Using only the entries below, output the lines starting at the one containing "over the Door" and ending at the one containing "Tissu Double Gaze Lurex Uni Caramel", exactly and inclusive of both, omitting the pictures.

━━ Information given ━━

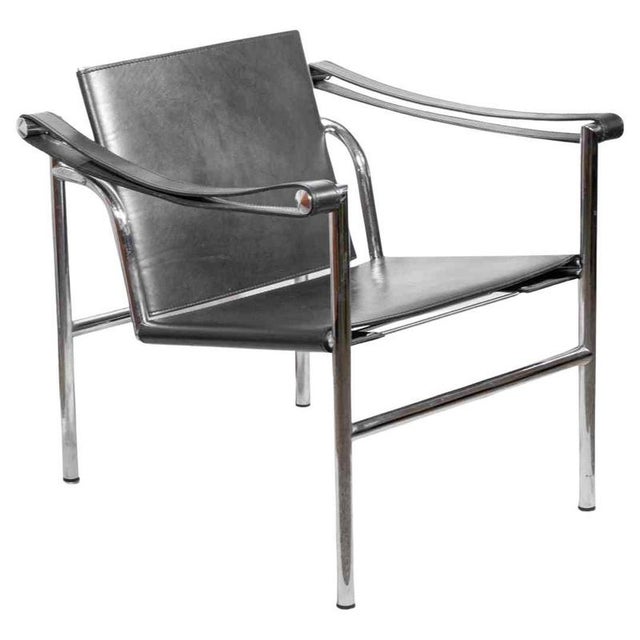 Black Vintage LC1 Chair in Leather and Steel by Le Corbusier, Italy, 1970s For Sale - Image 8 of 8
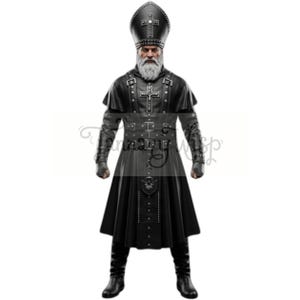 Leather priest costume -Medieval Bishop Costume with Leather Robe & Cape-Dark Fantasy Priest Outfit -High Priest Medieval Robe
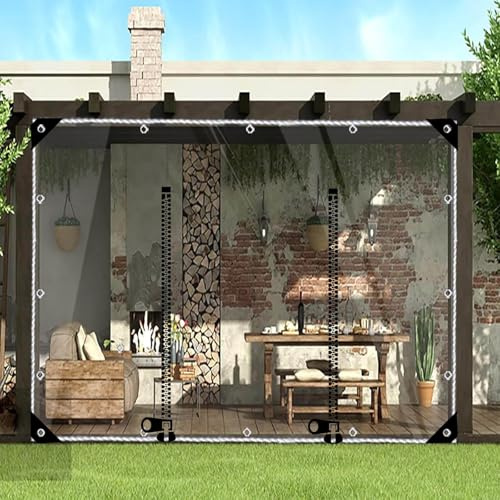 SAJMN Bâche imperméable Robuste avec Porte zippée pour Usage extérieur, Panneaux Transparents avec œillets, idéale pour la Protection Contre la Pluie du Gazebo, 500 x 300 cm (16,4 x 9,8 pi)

━━━
━━ Information given ━━

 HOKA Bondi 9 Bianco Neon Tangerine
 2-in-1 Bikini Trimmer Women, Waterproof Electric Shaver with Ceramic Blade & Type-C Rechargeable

━━━
━━ Information given ━━

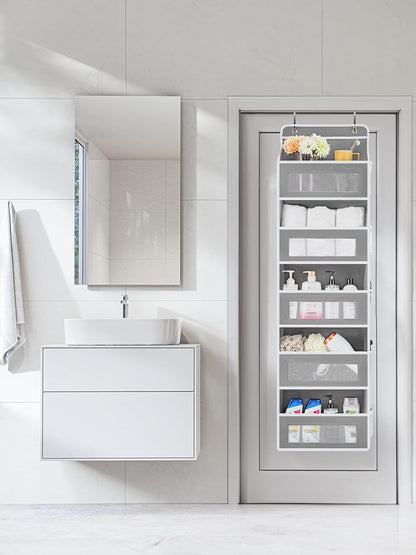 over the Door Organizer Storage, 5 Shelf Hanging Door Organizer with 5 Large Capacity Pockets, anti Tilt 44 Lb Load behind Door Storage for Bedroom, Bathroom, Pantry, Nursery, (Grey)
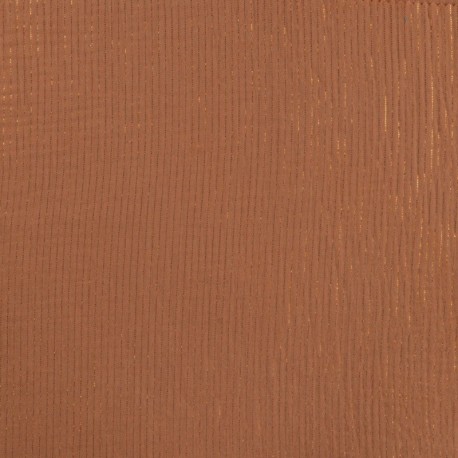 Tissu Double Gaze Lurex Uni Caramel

━━━

Final answer:
 over the Door Organizer Storage, 5 Shelf Hanging Door Organizer with 5 Large Capacity Pockets, anti Tilt 44 Lb Load behind Door Storage for Bedroom, Bathroom, Pantry, Nursery, (Grey)
 Tissu Double Gaze Lurex Uni Caramel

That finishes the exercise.